- _Exercise description_
Make an exact copy of all the entries below, with the pictures left out.

- _Listed entries_
○ ○ ○ ○ ○ ○ ○
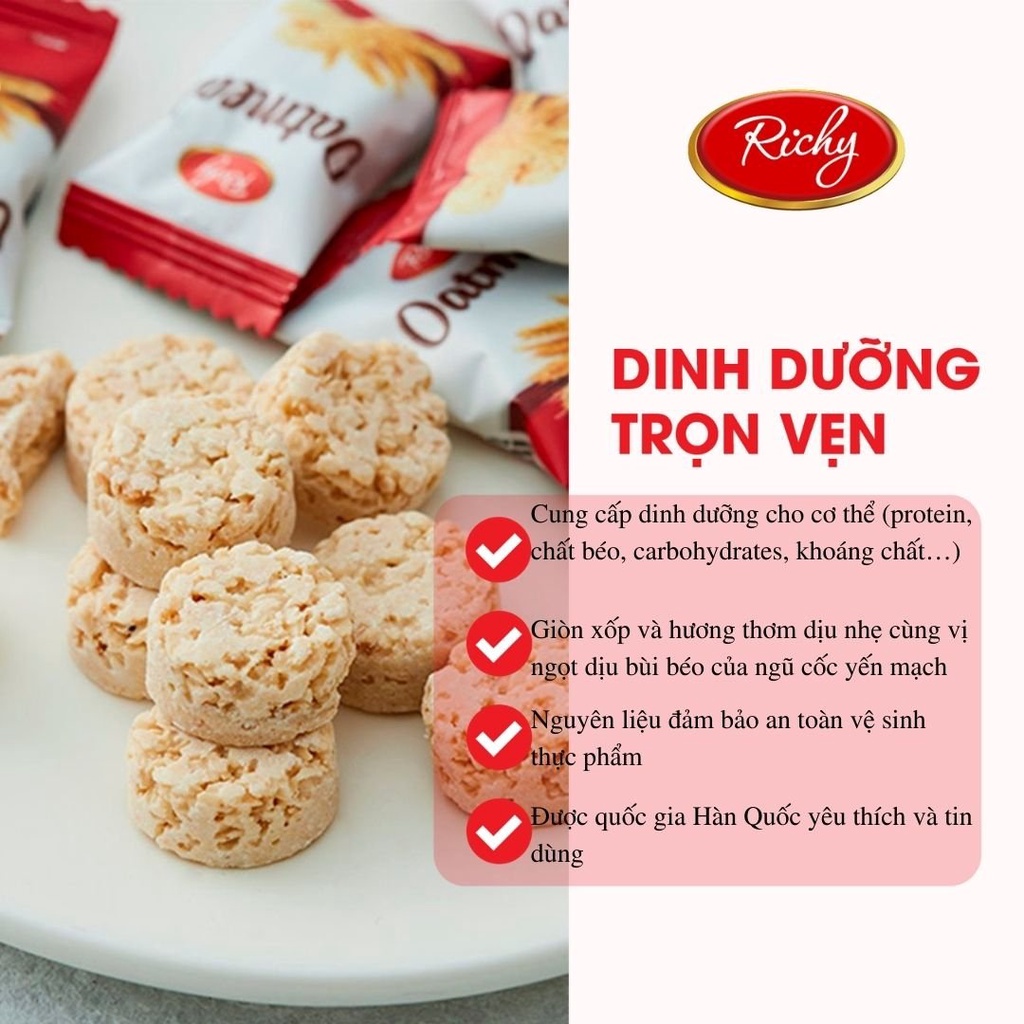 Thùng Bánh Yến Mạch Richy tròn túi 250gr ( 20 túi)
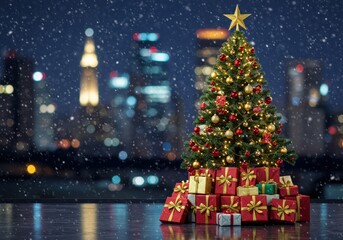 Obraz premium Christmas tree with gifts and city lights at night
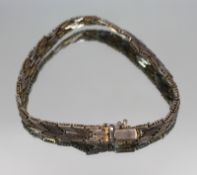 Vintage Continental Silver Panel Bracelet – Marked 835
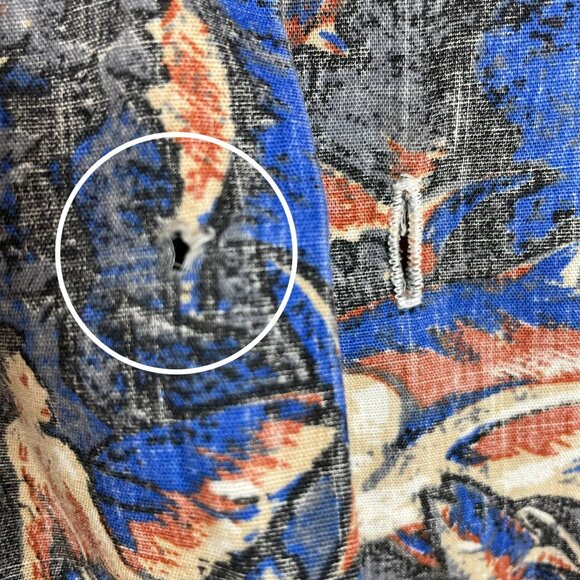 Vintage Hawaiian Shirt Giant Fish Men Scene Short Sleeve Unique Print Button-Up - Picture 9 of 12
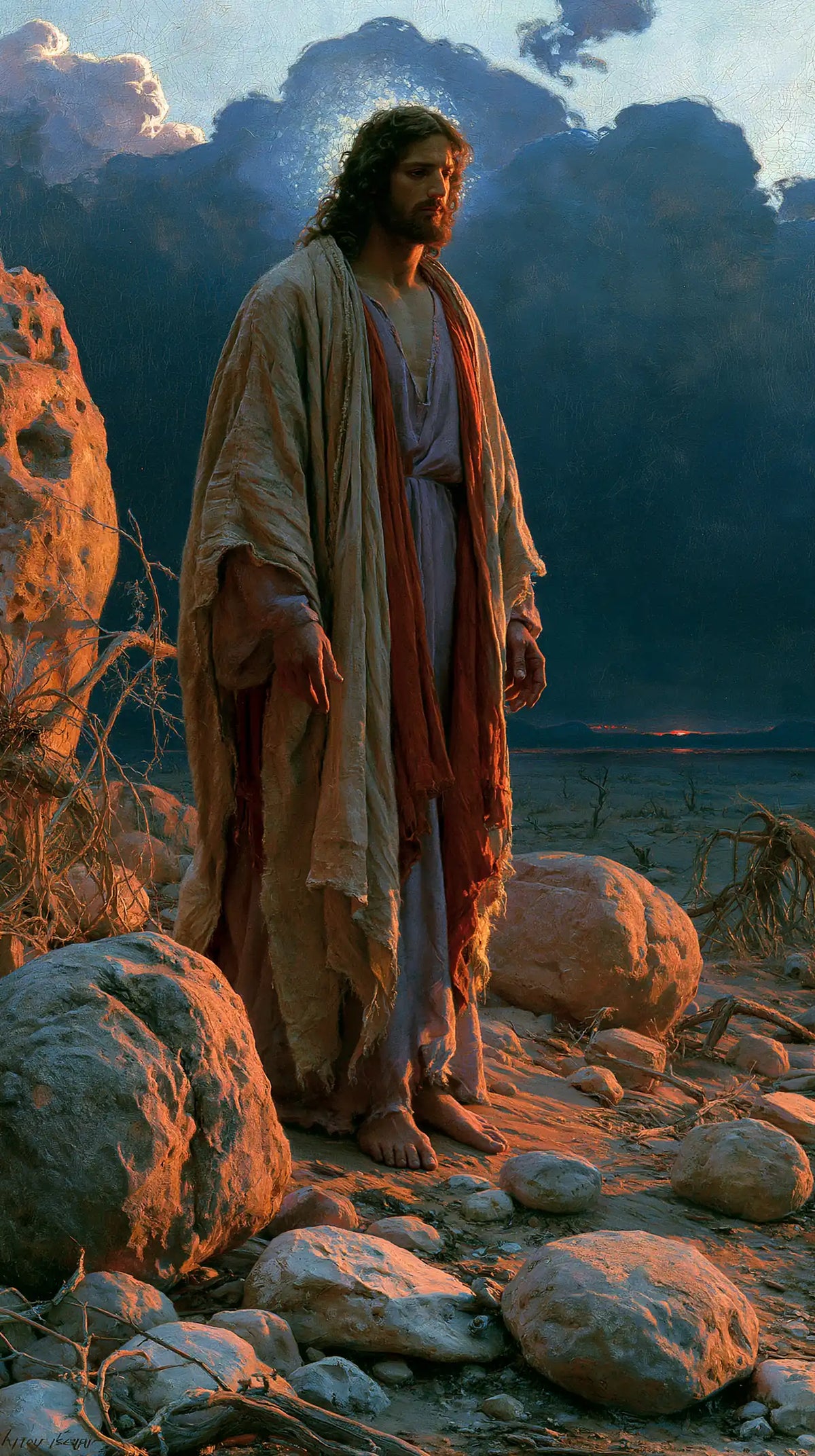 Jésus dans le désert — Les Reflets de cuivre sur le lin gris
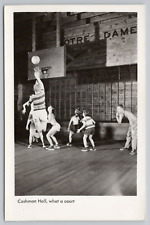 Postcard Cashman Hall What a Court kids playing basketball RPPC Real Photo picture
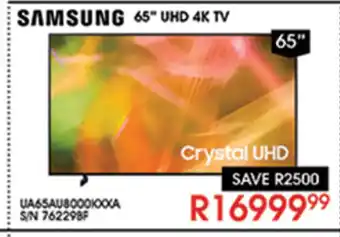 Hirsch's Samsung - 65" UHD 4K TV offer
○ ○ ○ ○ ○ ○ ○
- _Answer below_
 Thùng Bánh Yến Mạch Richy tròn túi 250gr ( 20 túi)
 Obraz premium Christmas tree with gifts and city lights at night
 Vintage Continental Silver Panel Bracelet – Marked 835
 Vintage Hawaiian Shirt Giant Fish Men Scene Short Sleeve Unique Print Button-Up - Picture 9 of 12
 Jésus dans le désert — Les Reflets de cuivre sur le lin gris
 Postcard Cashman Hall What a Court kids playing basketball RPPC Real Photo picture
 Hirsch's Samsung - 65" UHD 4K TV offer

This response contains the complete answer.